Give the entries again exactly; drop the pictures.
-----
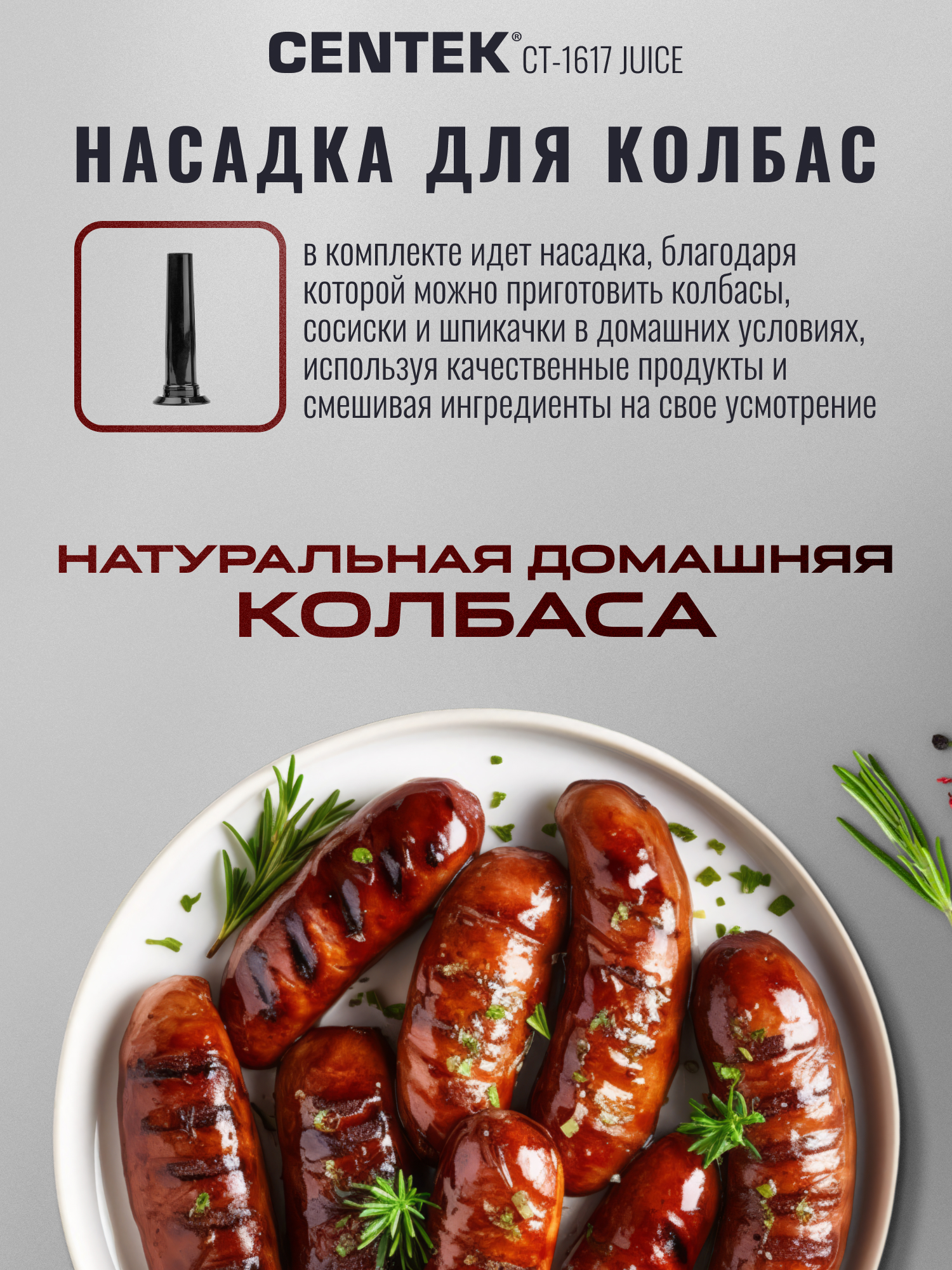 Мясорубка CENTEK CT-1617 Juice - фото 7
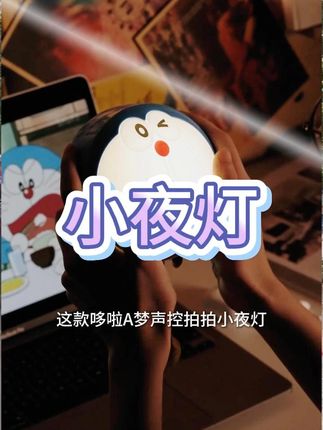 【来了】蓝胖子声控夜灯铃铛拍拍小夜灯七夕情送女朋友礼物宿舍夜灯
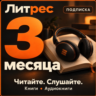 ЛИТРЕС подписка на 3 месяца промокод | Авто выдача 24/7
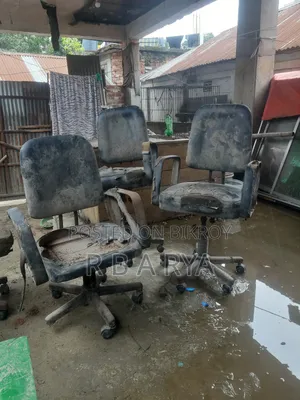 বস চেয়ার/অফিস চেয়ার ব্যবহৃত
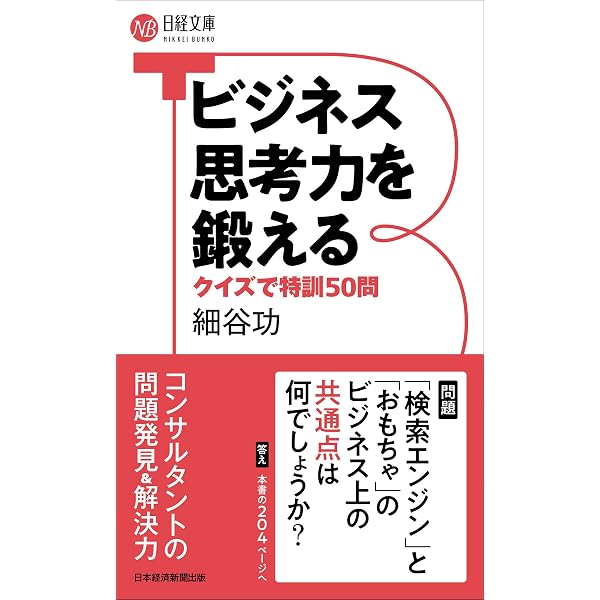 ロジカル・シンキング入門 (日経文庫 I 28) | 茂木 秀昭 |本 | 通販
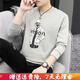 嘉曄新款秋裝長(cháng)袖T恤男士潮牌韓版小衫打底衫學(xué)生秋衣服衛衣男裝 K23灰色   XL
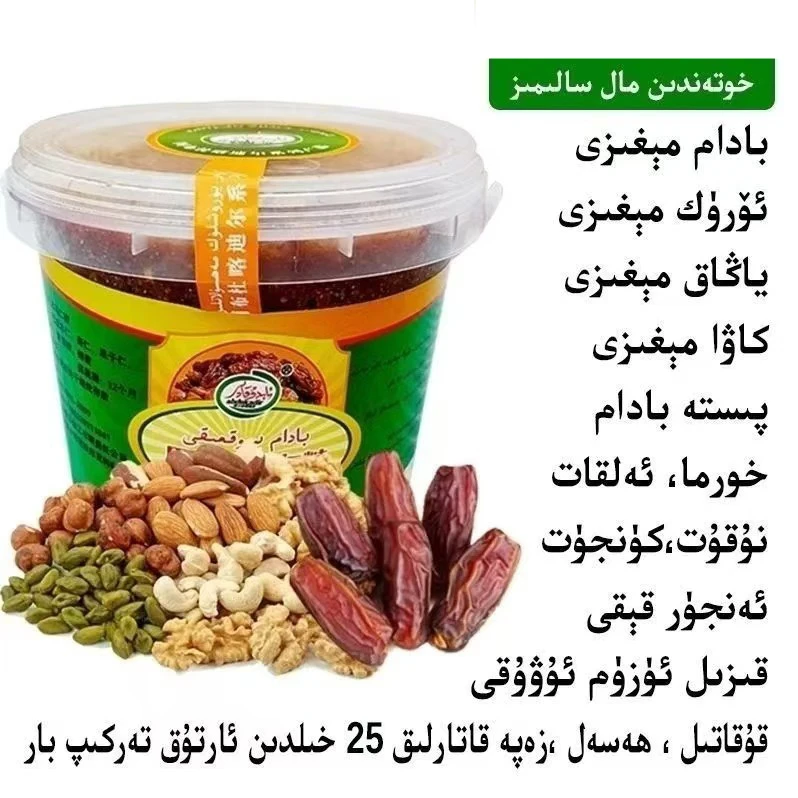 sokmak 巴旦木腰果酱坚果酱 قۇۋۋەت سوقماق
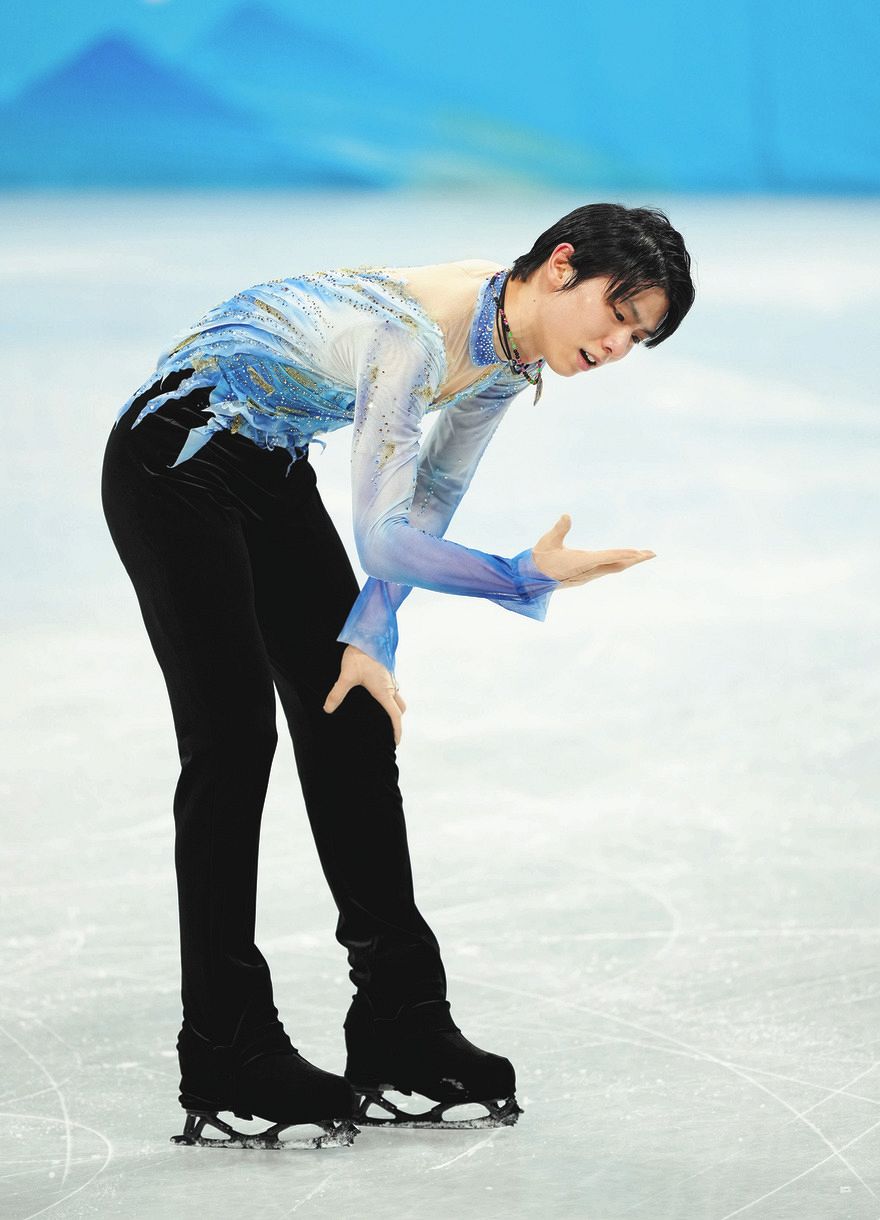 羽生結弦のアクシデント招いた「穴」に、関口宏「できたと思ったら直せ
-----
■ **Response area**:
 Мясорубка CENTEK CT-1617 Juice - фото 7
 【来了】蓝胖子声控夜灯铃铛拍拍小夜灯七夕情送女朋友礼物宿舍夜灯
 ЛИТРЕС подписка на 3 месяца промокод | Авто выдача 24/7
 বস চেয়ার/অফিস চেয়ার ব্যবহৃত
 ロジカル・シンキング入門 (日経文庫 I 28) | 茂木 秀昭 |本 | 通販
 嘉曄新款秋裝長(cháng)袖T恤男士潮牌韓版小衫打底衫學(xué)生秋衣服衛衣男裝 K23灰色   XL
 sokmak 巴旦木腰果酱坚果酱 قۇۋۋەت سوقماق
 羽生結弦のアクシデント招いた「穴」に、関口宏「できたと思ったら直せ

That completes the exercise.